- Native name: Рашид-бек Чахович Ахриев
- Born: 1893 Furtoug, Russian Empire
- Died: 20 January 1942 Kirovsky district, Soviet Union
- Allegiance: Russian Empire Soviet Union
- Branch: Aviation
- Service years: 1914 – 1942
- Conflicts: World War I World War II †

= Rashid-bek Akhriev =

Rashid-bek Chakhovich Akhriev (Note: Рашид-бек Чахович Ахриев; Оахаргнаькъан ЧхьагӀий Рашид-Бек) (1890s 20 January 1942) was an Ingush aviator of the Soviet Air Forces and the first North Caucasian pilot. He became the first person to land a plane in Tajikistan, doing so in the midst of the Basmachi revolt in 1924. During the Second World War he served as a flight commander in a special-purpose transport unit until he died in the line of duty in 1942 after being shot down by German anti-aircraft guns.

==Background==
Akhriev was born in 1893 to an Ingush family in Furtoug within the Russian Empire. His father, Chakh Akhriev, was a famous historian and ethnographer. In 1914 Rashid-bek Akhriev entered the Tiflis Military School in Georgia and graduated from the Gatchina Aviation School. He was subsequently wounded twice during the first world war.

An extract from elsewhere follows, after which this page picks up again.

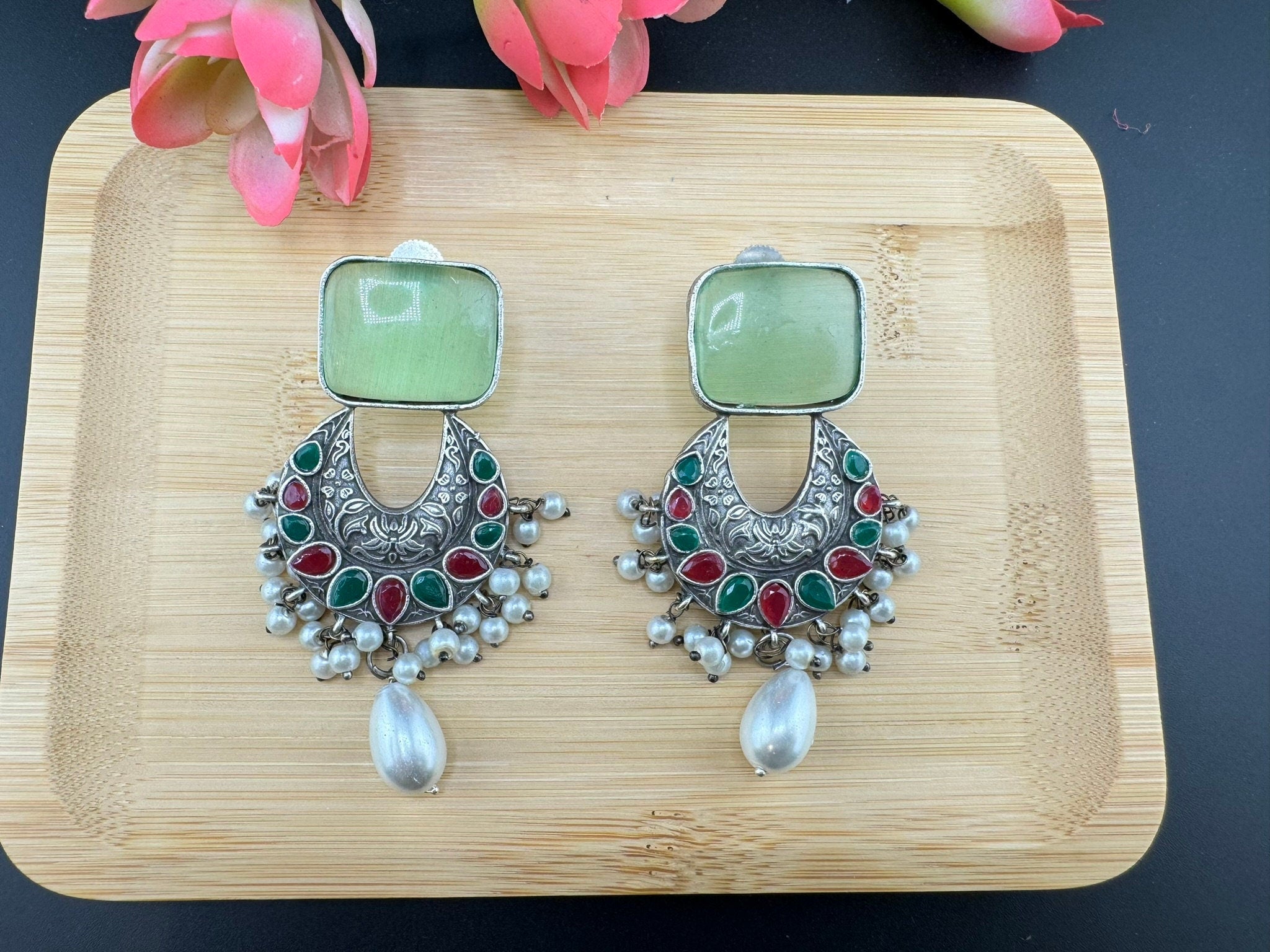 Mint/Light Green German Silver Oxidized chandbali with Monalisa Stone and pearls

==Career in Soviet aviation==
After joining the Red Army in 1923 he was sent to Central Asia to assist in the development of aviation in the region. The Soviet government had purchased eight Junkers U-13 from Germany for use by the branch of Dobrolyot based in Central Asia. The U-13s were disassembled, shipped by rail to Tashkent, and then reassembled. In August 1924 Akhriev piloted the maiden flight of the Tashkent-Bukhara route. Shortly thereafter he and flight engineer Pyotr Komarov flew the maiden flight of the Bukhara-Dushanbe route, which was also the first time an airplane landed in Tajikistan. The aircraft flying the route was armed with two rifles and hand grenades, due to the risk of the plane being shot down and attacked by Basmachi rebels in the area. The plane was not attacked and made a successful landing in Dushanbe on 3 September 1924. The anniversary of the historic flight is celebrated annually in by people in Tajikistan's aviation industry after the date was officially declared the Day of Aviation of the Republic of Tajikistan in 1994.

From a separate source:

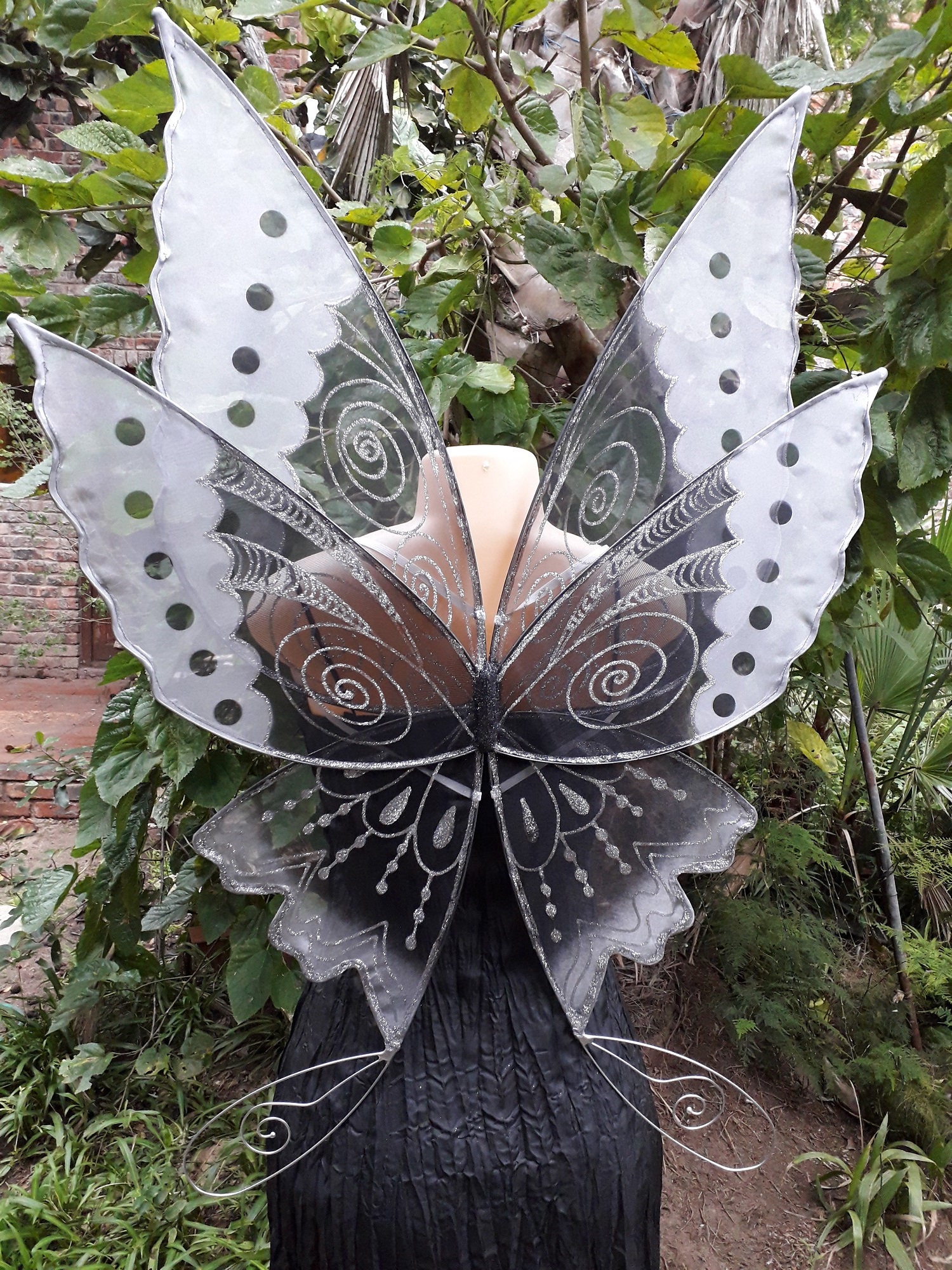Black Gothic Large Adult Fairy Wings: Pixie, Elf, Fairy Cosplay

In 1927 Akhriev was transferred to the Kharkiv directorate in the Ukrainian Division of the Civil Air Fleet, where he flew the Kharkiv-Moscow, Kharkiv-Kiev, and Kharkiv-Rostov routes. During his career he worked with some of the USSR's most famed pilots, including Mikhail Gromov, Mavriky Slepnyov, and Mikhail Vodopyanov. He remained in the Ukrainian Division of the Civil Air Fleet until 1941.

==World War II==
After the German invasion of the Soviet Union in 1941, Akhriev volunteered to serve on the warfront and was deployed as part of a special-purpose aviation unit under the command of Shalva Chankotadze. The squadron he was assigned to carried out deliveries of ammunition and food to besieged Leningrad from Moscow. He completed dozens of combat mission before he was killed in action on 20 January 1942. On that day he was leading a flight of three aircraft over enemy territory; Akhriev and another one of the planes were shot down by German anti-aircraft guns when they tried to attack a strategically important bridge. After the blockade of Leningrad ended in 1944 the remains of Akhriev and the other pilots were found and buried with full military honors in the village near Arbuzovo.